Obama “can disagree without shunning or demonizing those with other views,” he said. “That’s far different than the suggestion that he somehow tailors his view.”
Looking for clues
But because Obama is relatively new on the national political scene, and new to foreign policy questions such as the long-simmering Israeli-Palestinian conflict, both sides have been looking closely for clues to what role he would play in that dispute.
And both sides, on certain issues, have interpreted Obama’s remarks as supporting their point of view.
Last year, for example, Obama was quoted saying that “nobody’s suffering more than the Palestinian people.” The candidate later said the remark had been taken out of context, and that he meant that the Palestinians were suffering “from the failure of the Palestinian leadership [in Gaza] to recognize Israel” and to renounce violence.
Jewish leaders were satisfied with Obama’s explanation, but some Palestinian leaders, including Ibish, took the original quotation as a sign of the candidate’s empathy for their plight.
Obama’s willingness to befriend Palestinian Americans and to hear their views also impressed, and even excited, a community that says it does not often have the ear of the political establishment.
Among other community events, Obama in 1998 attended a speech by Edward Said, the late Columbia University professor and a leading intellectual in the Palestinian movement. According to a news account of the speech, Said called that day for a nonviolent campaign “against settlements, against Israeli apartheid.”
The use of such language to describe Israel’s policies has drawn vehement objection from Israel’s defenders in the United States. A photo on the pro-Palestinian website the Electronic Intifada shows Obama and his wife, Michelle, engaged in conversation at the dinner table with Said, and later listening to Said’s keynote address. Obama had taken an English class from Said as an undergraduate at Columbia University.
Ali Abunimah, a Palestinian rights activist in Chicago who helps run Electronic Intifada, said that he met Obama several times at Palestinian and Arab American community events. At one, a 2000 fundraiser at a private home, Obama called for the U.S. to take an “evenhanded” approach toward Israel, Abunimah wrote in an article on the website last year. He did not cite Obama’s specific criticisms.

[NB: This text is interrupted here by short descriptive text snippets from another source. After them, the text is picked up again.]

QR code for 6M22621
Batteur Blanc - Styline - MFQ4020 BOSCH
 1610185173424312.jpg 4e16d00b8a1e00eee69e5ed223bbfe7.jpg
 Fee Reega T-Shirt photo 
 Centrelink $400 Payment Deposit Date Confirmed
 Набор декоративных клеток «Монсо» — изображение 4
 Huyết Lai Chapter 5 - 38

Abunimah, in a Times interview and on his website, said Obama seemed sympathetic to the Palestinian cause but more circumspect as he ran for the U.S. Senate in 2004. At a dinner gathering that year, Abunimah said, Obama greeted him warmly and said privately that he needed to speak cautiously about the Middle East.
Abunimah quoted Obama as saying that he was sorry he wasn’t talking more about the Palestinian cause, but that his primary campaign had constrained what he could say.
Obama, through his aide Axelrod, denied he ever said those words, and Abunimah’s account could not be independently verified.
“In no way did he take a position privately that he hasn’t taken publicly and consistently,” Axelrod said of Obama. “He always had expressed solicitude for the Palestinian people, who have been ill-served and have suffered greatly from the refusal of their leaders to renounce violence and recognize Israel’s right to exist.”
In Chicago, one of Obama’s friends was Khalidi, a highly visible figure in the Arab American community.
In the 1970s, when Khalidi taught at a university in Beirut, he often spoke to reporters on behalf of Yasser Arafat’s Palestine Liberation Organization. In the early 1990s, he advised the Palestinian delegation during peace negotiations. Khalidi now occupies a prestigious professorship of Arab studies at Columbia.
He is seen as a moderate in Palestinian circles, having decried suicide bombings against civilians as a “war crime” and criticized the conduct of Hamas and other Palestinian leaders. Still, many of Khalidi’s opinions are troubling to pro-Israel activists, such as his defense of Palestinians’ right to resist Israeli occupation and his critique of U.S. policy as biased toward Israel.
While teaching at the University of Chicago, Khalidi and his wife lived in the Hyde Park neighborhood near the Obamas. The families became friends and dinner companions.
In 2000, the Khalidis held a fundraiser for Obama’s unsuccessful congressional bid. The next year, a social service group whose board was headed by Mona Khalidi received a $40,000 grant from a local charity, the Woods Fund of Chicago, when Obama served on the fund’s board of directors.
At Khalidi’s going-away party in 2003, the scholar lavished praise on Obama, telling the mostly Palestinian American crowd that the state senator deserved their help in winning a U.S. Senate seat. “You will not have a better senator under any circumstances,” Khalidi said.
The event was videotaped, and a copy of the tape was obtained by The Times.
Though Khalidi has seen little of Sen. Obama in recent years, Michelle Obama attended a party several months ago celebrating the marriage of the Khalidis’ daughter.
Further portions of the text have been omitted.